* **GIVEN MATERIAL**
-- -- --

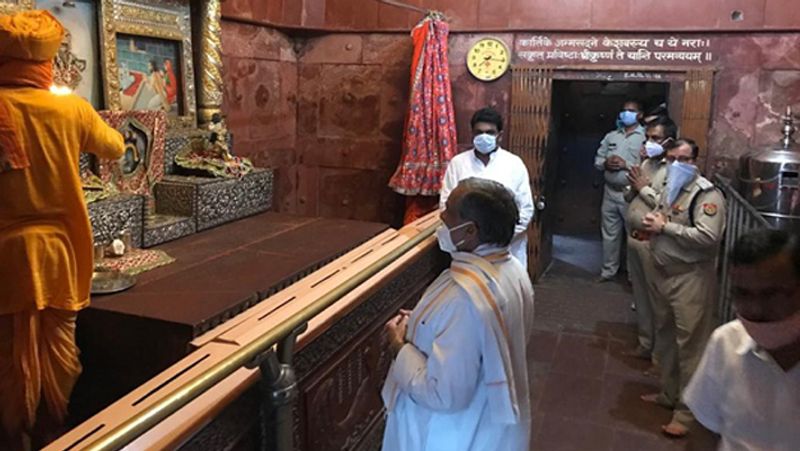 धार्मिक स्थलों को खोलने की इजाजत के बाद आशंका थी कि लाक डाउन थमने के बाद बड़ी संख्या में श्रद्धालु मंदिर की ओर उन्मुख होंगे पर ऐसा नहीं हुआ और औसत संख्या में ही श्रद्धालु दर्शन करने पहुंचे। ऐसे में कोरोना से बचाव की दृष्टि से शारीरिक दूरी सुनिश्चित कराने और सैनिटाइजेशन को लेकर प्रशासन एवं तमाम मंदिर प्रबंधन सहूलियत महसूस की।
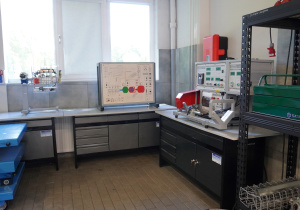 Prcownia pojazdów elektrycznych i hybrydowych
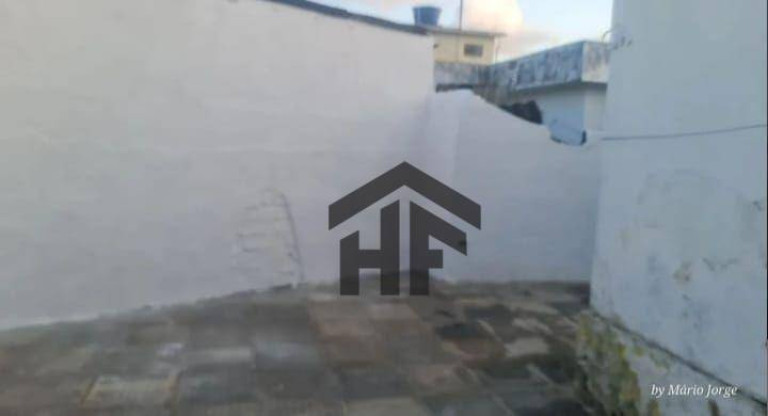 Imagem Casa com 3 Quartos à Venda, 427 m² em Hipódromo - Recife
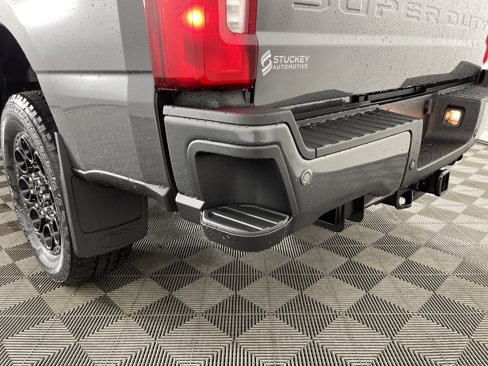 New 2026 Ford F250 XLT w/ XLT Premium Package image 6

-- -- --

* **PROBLEM DETAILS**
Give back word for word the lines from the one containing "Prcownia pojazdów elektrycznych" through the final line of the data above. Pictures are to be left out.

* **ANSWER SPACE**
 Prcownia pojazdów elektrycznych i hybrydowych
 Imagem Casa com 3 Quartos à Venda, 427 m² em Hipódromo - Recife
 New 2026 Ford F250 XLT w/ XLT Premium Package image 6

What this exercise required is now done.